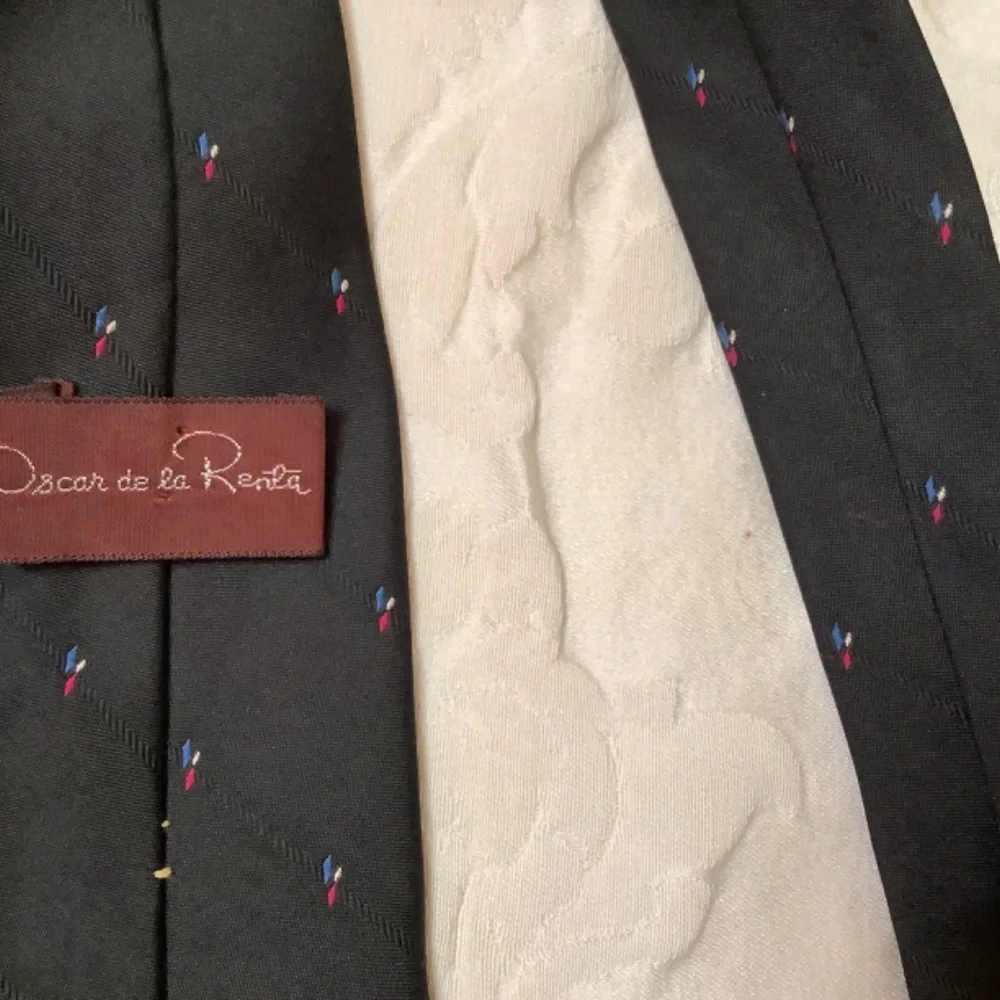 EUC bundle‎ ties Oscar de la Renta & Aigner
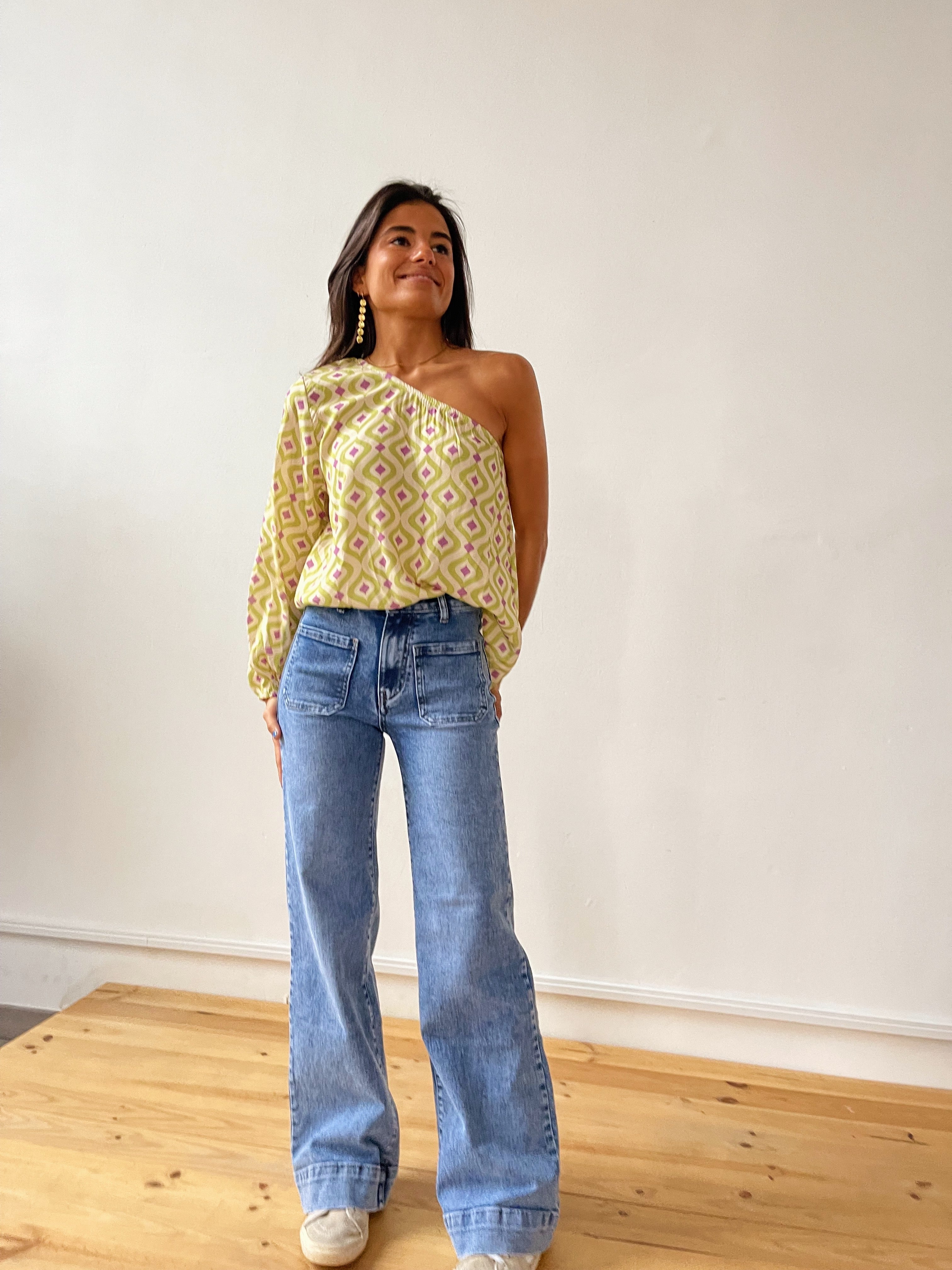 Leonor Lime Top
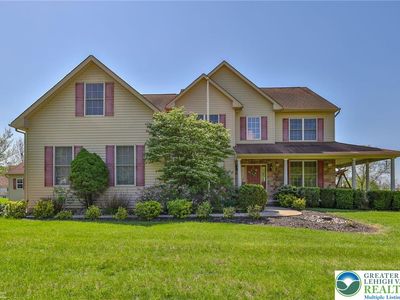 Property at 3595 Woodbyne Rd, Hellertown, PA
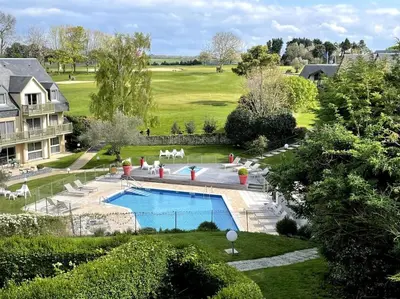 Piscine de l'établissement La terrasse du golf ou située à proximité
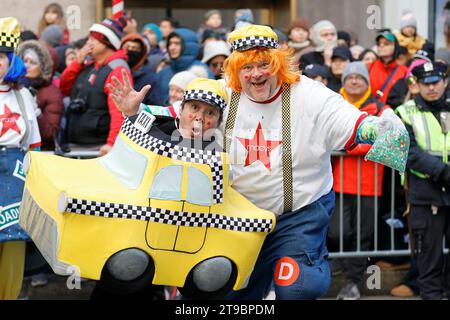 Vereinigte Staaten. November 2023. New York, USA, 23. November 2023 - 2023 Macys Thanksgiving Day Parade am 23. November 2023 in New York City Credit: Giada Papini Rampelotto/EuropaNewswire/dpa/Alamy Live News Stockfoto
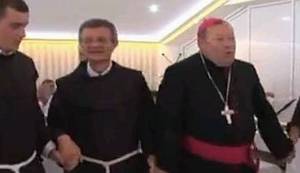 CRKVA I "ĆIRILIČNO" KOLO: Zašto je ljekovita pojava biskupa i fratara koji se hvataju u kolo?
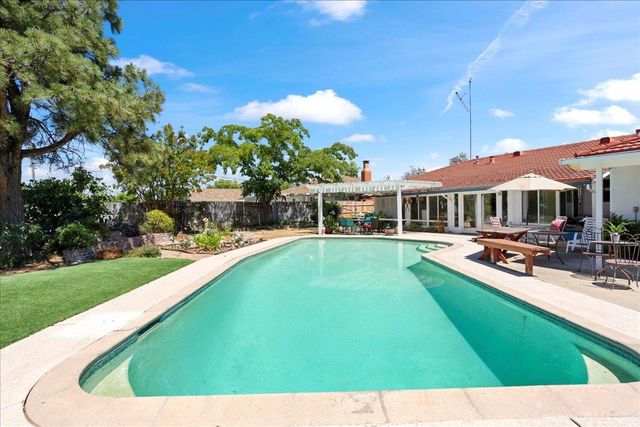 2001 Woodstock Way, Sacramento, CA 95825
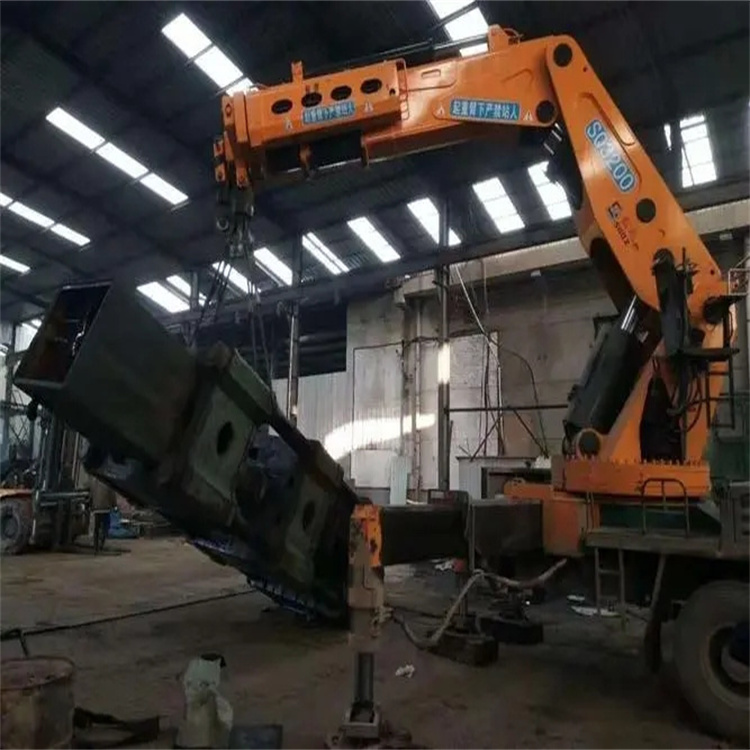 马鞍山130吨折臂吊车出租吊机租赁附近电话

• [Exercise brief]
Every word of the data should be reproduced exactly; please omit any pictures.

• [Answer for this exercise]
 EUC bundle‎ ties Oscar de la Renta & Aigner
 Leonor Lime Top
 Property at 3595 Woodbyne Rd, Hellertown, PA
 Piscine de l'établissement La terrasse du golf ou située à proximité
 Vereinigte Staaten. November 2023. New York, USA, 23. November 2023 - 2023 Macys Thanksgiving Day Parade am 23. November 2023 in New York City Credit: Giada Papini Rampelotto/EuropaNewswire/dpa/Alamy Live News Stockfoto
 CRKVA I "ĆIRILIČNO" KOLO: Zašto je ljekovita pojava biskupa i fratara koji se hvataju u kolo?
 2001 Woodstock Way, Sacramento, CA 95825
 马鞍山130吨折臂吊车出租吊机租赁附近电话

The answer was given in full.